ABOUT THIS EXERCISE: For the material below, return exactly the lines starting at the line containing "mal al gobierno" and ending at the line containing "Barcelona derrota o", both ends included, and no others.

EXTRACTED RECORDS:
*** Block opens ***

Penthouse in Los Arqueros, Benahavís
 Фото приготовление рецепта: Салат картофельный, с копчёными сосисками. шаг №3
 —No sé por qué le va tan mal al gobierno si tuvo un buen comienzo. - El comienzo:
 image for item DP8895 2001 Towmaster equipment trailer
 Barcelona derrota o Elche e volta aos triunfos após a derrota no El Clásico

*** Block closes ***
*** Block opens ***

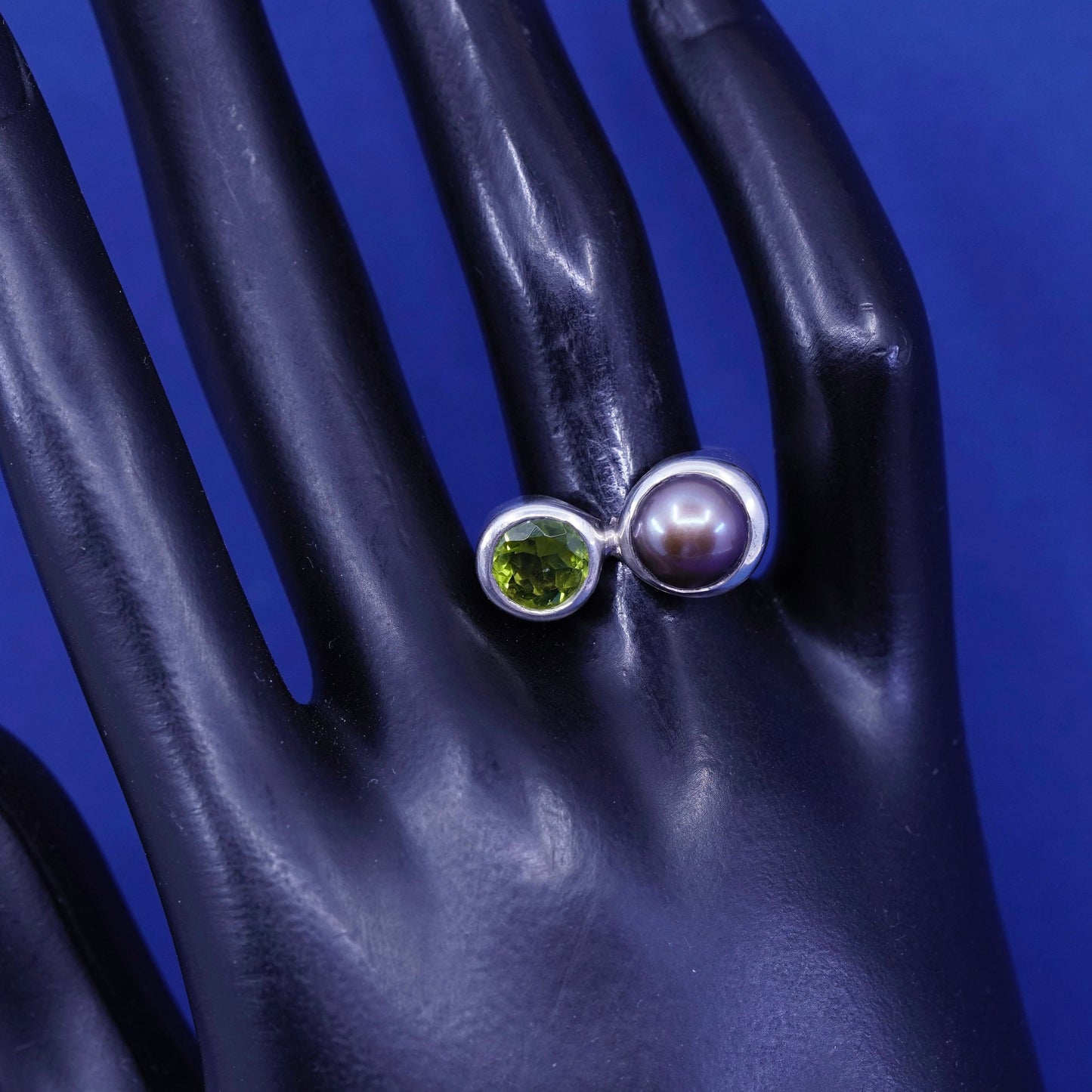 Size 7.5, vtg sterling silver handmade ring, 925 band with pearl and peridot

*** Block closes ***
*** Block opens ***

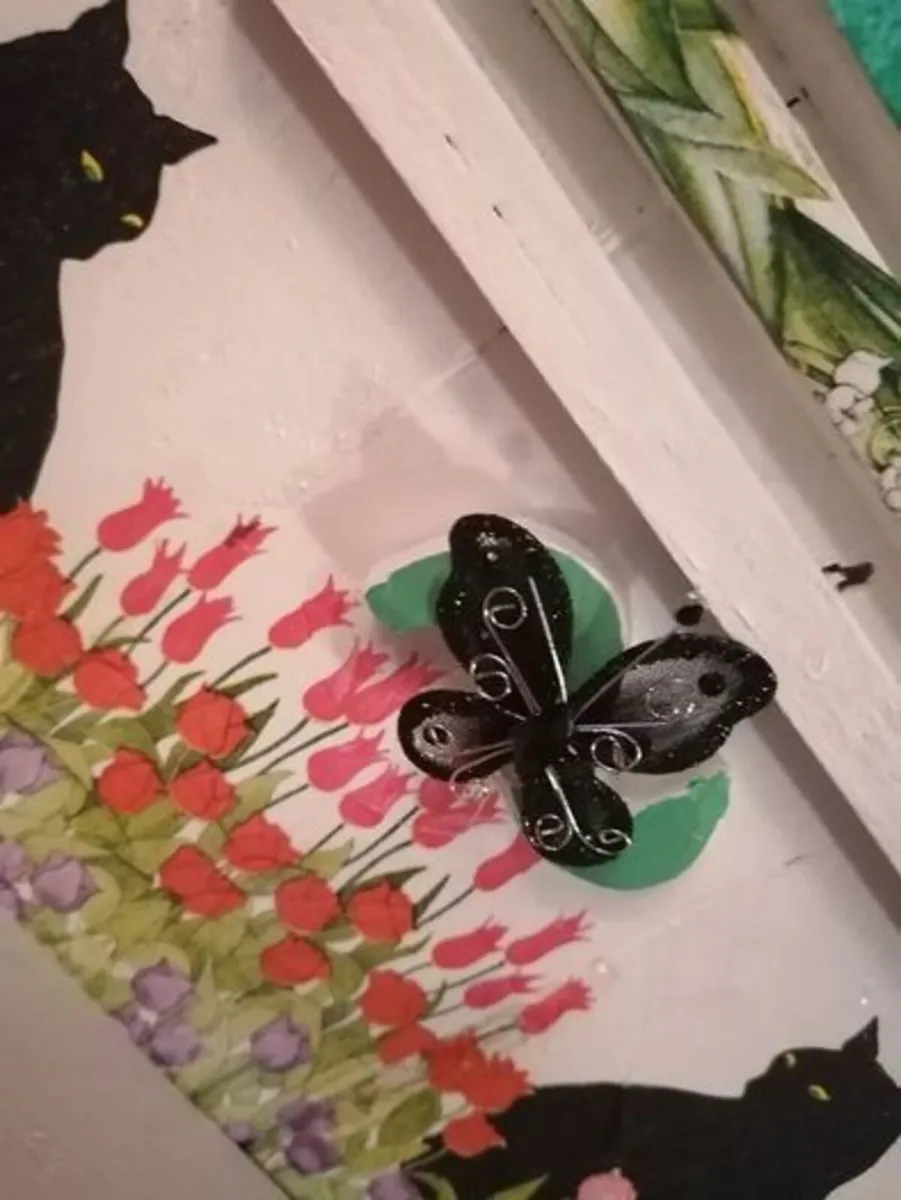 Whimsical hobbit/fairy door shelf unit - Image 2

*** Block closes ***

EXERCISE ANSWER:
 —No sé por qué le va tan mal al gobierno si tuvo un buen comienzo. - El comienzo:
 image for item DP8895 2001 Towmaster equipment trailer
 Barcelona derrota o Elche e volta aos triunfos após a derrota no El Clásico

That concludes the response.